**Given records**
BEGIN
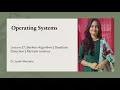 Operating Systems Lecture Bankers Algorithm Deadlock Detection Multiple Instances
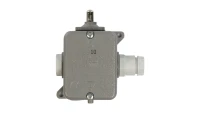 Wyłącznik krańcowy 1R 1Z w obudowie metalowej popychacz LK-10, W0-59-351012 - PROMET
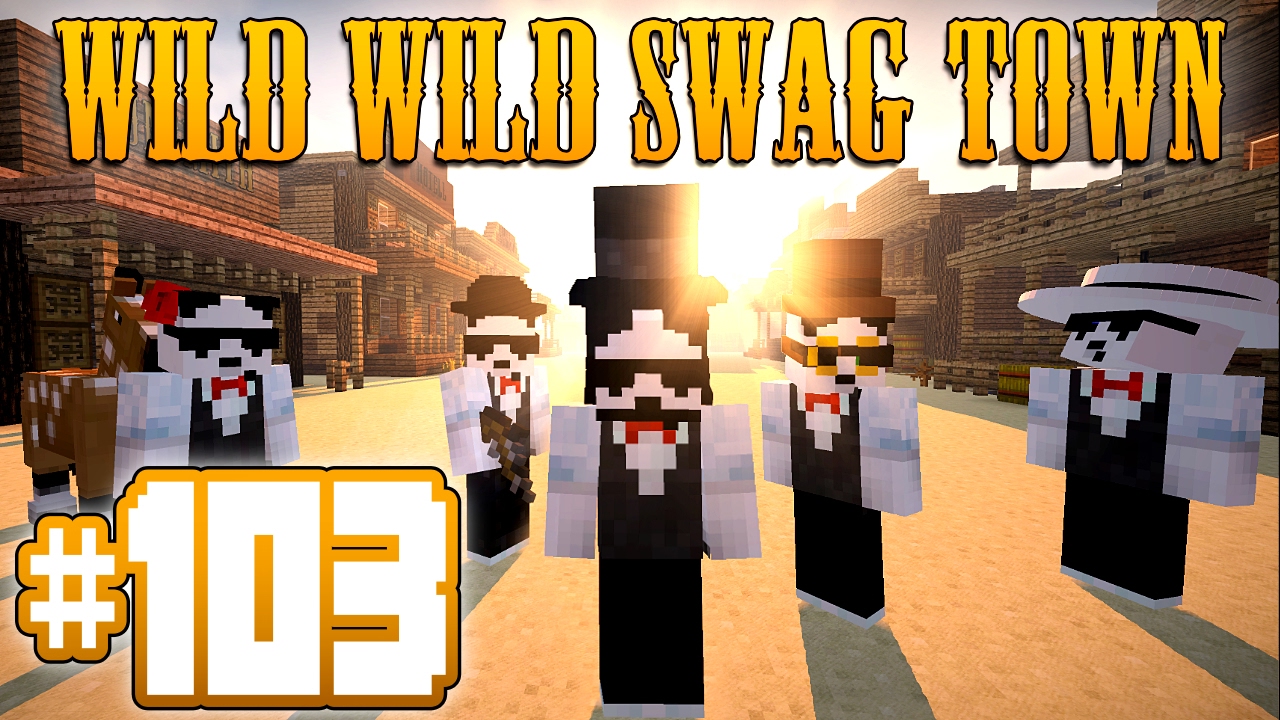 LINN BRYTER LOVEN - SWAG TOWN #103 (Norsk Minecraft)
END
BEGIN
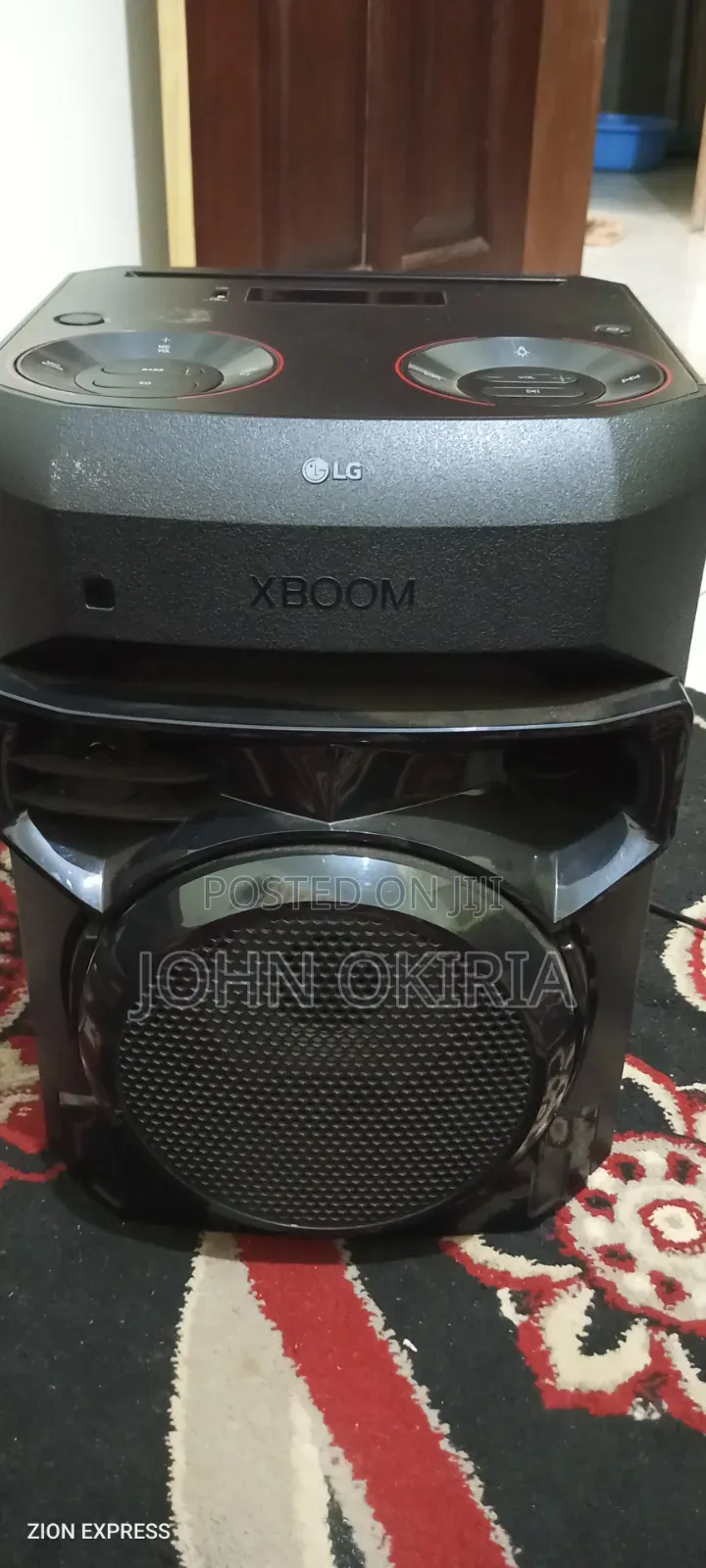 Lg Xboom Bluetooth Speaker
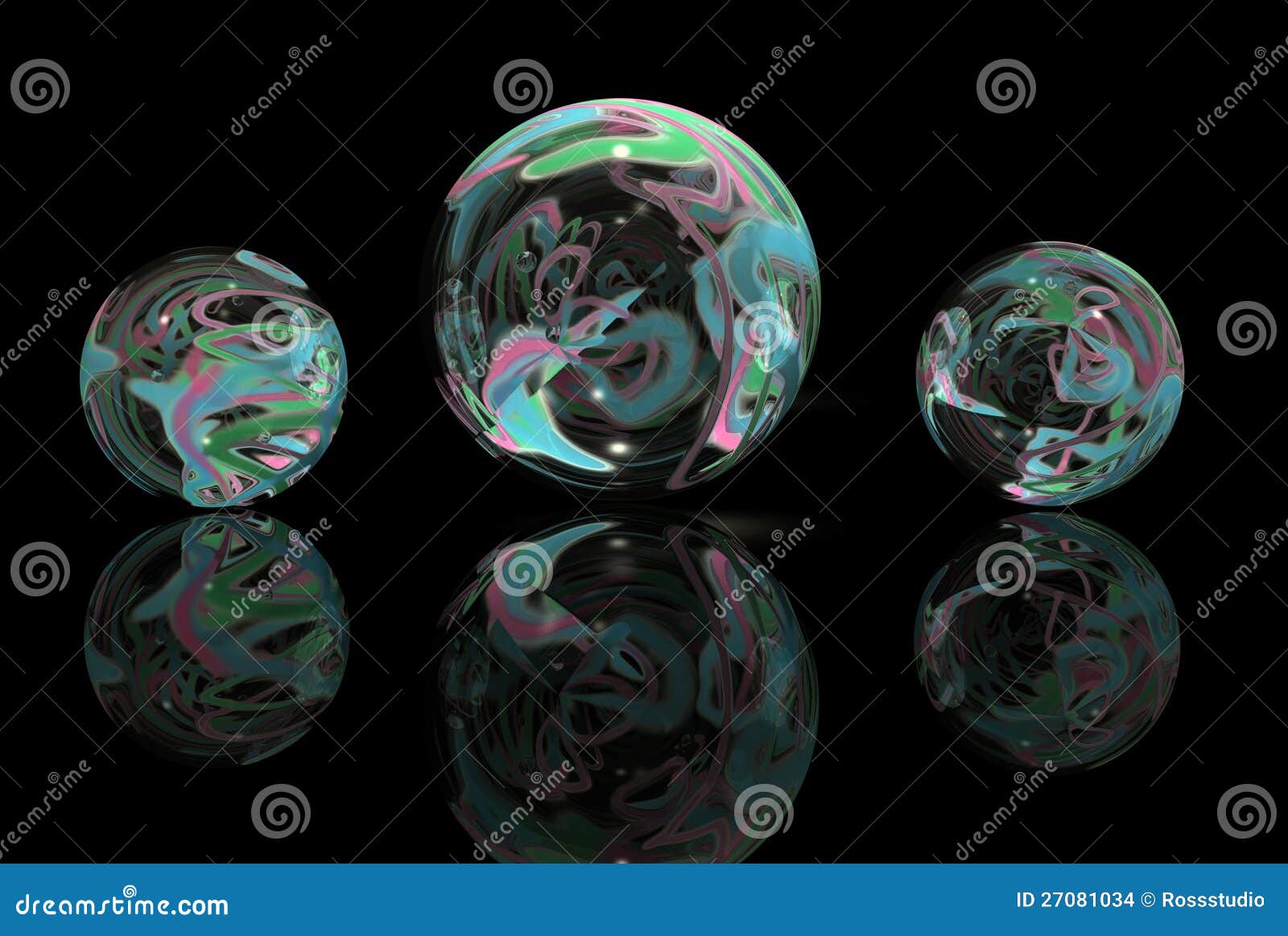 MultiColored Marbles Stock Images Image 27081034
END
BEGIN
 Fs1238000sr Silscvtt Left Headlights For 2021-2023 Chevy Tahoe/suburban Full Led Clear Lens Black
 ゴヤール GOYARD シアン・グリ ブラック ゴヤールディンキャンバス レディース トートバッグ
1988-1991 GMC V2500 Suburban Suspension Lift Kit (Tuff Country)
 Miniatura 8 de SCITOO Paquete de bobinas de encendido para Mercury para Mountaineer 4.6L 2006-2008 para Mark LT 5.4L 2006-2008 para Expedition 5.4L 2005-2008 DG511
END
**Problem details**
In the listing above, the lines from the one containing "ゴヤール GOYARD シアン・グリ" through the one containing "Miniatura 8 de" must be set down exactly, with no other lines.

**Task answer**
 ゴヤール GOYARD シアン・グリ ブラック ゴヤールディンキャンバス レディース トートバッグ
1988-1991 GMC V2500 Suburban Suspension Lift Kit (Tuff Country)
 Miniatura 8 de SCITOO Paquete de bobinas de encendido para Mercury para Mountaineer 4.6L 2006-2008 para Mark LT 5.4L 2006-2008 para Expedition 5.4L 2005-2008 DG511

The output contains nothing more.